Creating a Network

The first step in using theanets is creating a neural network model to train and use. A network model basically consists of three parts:

  • an error function that quantifies how well the parameters in the model perform for the desired task,
  • a set of symbolic input variables that represent data required to compute the error, and
  • a series of layers that map input data to network outputs.

In theanets, a network model is a subclass of Network. Networks encapsulate the first two of these three parts by implementing the Network.error() method and creating the variables that the model requires during training.

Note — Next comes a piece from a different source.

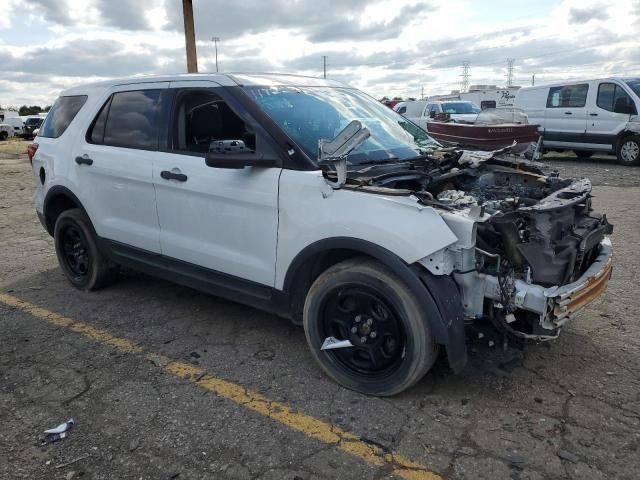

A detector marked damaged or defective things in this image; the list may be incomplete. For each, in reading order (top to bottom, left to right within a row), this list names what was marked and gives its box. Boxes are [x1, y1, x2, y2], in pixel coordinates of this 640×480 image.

When you choose one of the network models available in theanets (or if you choose to make your own), you are choosing these two parts of the model.

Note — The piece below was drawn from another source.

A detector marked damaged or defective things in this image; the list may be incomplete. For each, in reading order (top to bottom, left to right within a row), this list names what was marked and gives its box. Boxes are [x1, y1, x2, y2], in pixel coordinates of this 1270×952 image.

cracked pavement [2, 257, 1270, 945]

The third part, specifying the layers in the model, is discussed at length below. First, though, we’ll go through a brief presentation of the predefined network models in theanets. In the brief discussion below, we assume that the network has some set of parameters \(\theta\). In the feedforward pass, the network computes some function of its inputs \(x \in \mathbb{R}^n\) using these parameters; we represent this feedforward function using the notation \(F_\theta(x)\).

Feedforward Models

There are three major types of neural network models, each defined primarily by the loss function that the model attempts to optimize. While other types of models are certainly possible, theanets only tries to handle the common cases with built-in model classes. (If you want to define a new type of model, see Customizing.)

Autoencoder

An autoencoder takes an array of arbitrary data vectors \(X \in \mathbb{R}^{m \times n}\) as input, transforms it in some way, and then attempts to recreate the original input as the output of the network.

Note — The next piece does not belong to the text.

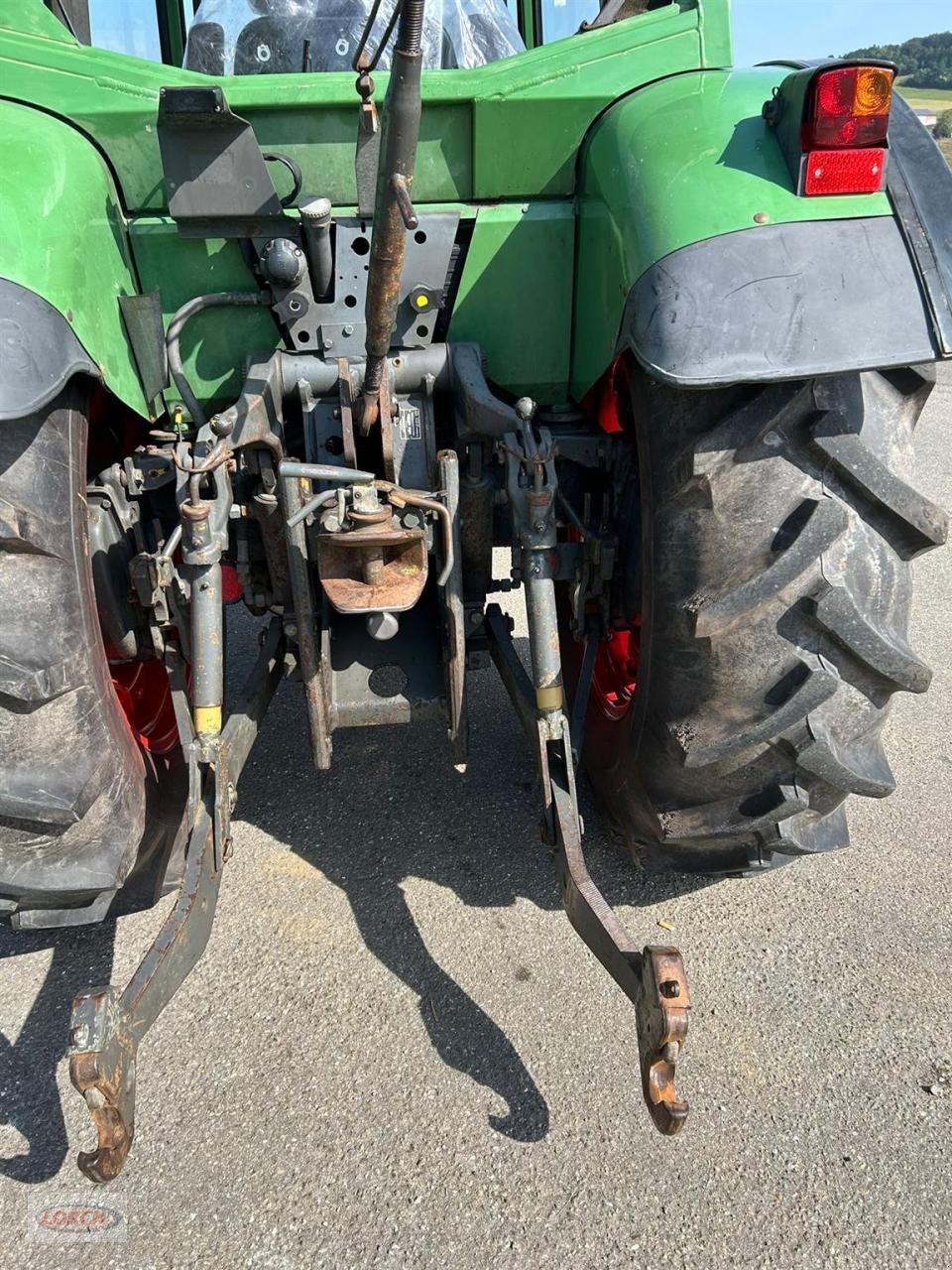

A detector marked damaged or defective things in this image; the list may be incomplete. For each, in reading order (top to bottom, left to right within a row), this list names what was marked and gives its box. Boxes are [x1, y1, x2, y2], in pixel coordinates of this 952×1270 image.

rusty metal bracket [67, 619, 287, 1183]
rusty metal bracket [487, 599, 690, 1137]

To evaluate the loss for an autoencoder, only the input data is required. The default autoencoder model computes the loss using the mean squared error between the network’s output and the input:

\[\mathcal{L}(X, \theta) = \frac{1}{mn} \sum_{i=1}^m \left\| F_\theta(x_i) - x_i \right\|_2^2 + R(X, \theta)\]

Autoencoders simply try to adjust their model parameters \(\theta\) to minimize this squared error between the true inputs and the values that the network produces.

In theory this could be trivial—if, for example, \(F_\theta(x) = x\)—but in practice this doesn’t actually happen very often. In addition, a regularizer \(R(X, \theta)\) can be added to the overall loss for the model to prevent this sort of trivial solution.

To create an autoencoder in theanets, you can create a network class directly:

net = theanets.Autoencoder()

or you can use an Experiment:

exp = theanets.Experiment(theanets.Autoencoder)
net = exp.network

Regression

A regression model is much like an autoencoder. Like an autoencoder, a regression model takes as input an array of arbitrary data \(X \in \mathbb{R}^{m \times n}\). However, at training time, a regression model also requires an array of expected target outputs \(Y \in \mathbb{R}^{m \times o}\). Like an autoencoder, the error between the network’s output and the target is computed using the mean squared error:

\[\mathcal{L}(X, Y, \theta) = \frac{1}{mn} \sum_{i=1}^m \left\| F_\theta(x_i) - y_i \right\|_2^2 + R(X, \theta)\]

To create a regression model in theanets, you can create a network class directly:

net = theanets.Regressor()

or you can use an Experiment:

exp = theanets.Experiment(theanets.Regressor)
net = exp.network

Classification

A classification model takes as input some piece of data that you want to classify (e.g., the pixels of an image, word counts from a document, etc.) and outputs a probability distribution over available labels. At training time, this type of model requires an array of input data \(X \in \mathbb{R}^{m \times n}\) and a corresponding set of integer labels \(Y \in \{1,\dots,k\}^m\); the error is then computed as the cross-entropy between the network output and the true target labels:

\[\mathcal{L}(X, Y, \theta) = -\frac{1}{m} \sum_{i=1}^m \sum_{j=1}^k \delta_{j,y_i} \log F_\theta(x_i)_j + R(X, \theta)\]

where \(\delta{a,b}\) is the Kronecker delta, which is 1 if \(a=b\) and 0 otherwise.

To create a classifier model in theanets, you can create a network class directly:

net = theanets.Classifier()

or you can use an Experiment:

exp = theanets.Experiment(theanets.Classifier)
net = exp.network

Recurrent Models

The three types of feedforward models described above also exist in recurrent formulations. In recurrent networks, time is an explicit part of the model. In theanets, if you wish to include recurrent layers in your model, you must use a model class from the theanets.recurrent module; this is because recurrent models require input and output data matrices with an additional dimension to represent time. In general,

  • the data shapes required for a recurrent layer are all one dimension larger than the corresponding shapes for a feedforward network,
  • the extra dimension represents time, and
  • the extra dimension is located on:
    • the first (0) axis for versions through 0.6, or
    • the second (1) axis for versions 0.7 and up.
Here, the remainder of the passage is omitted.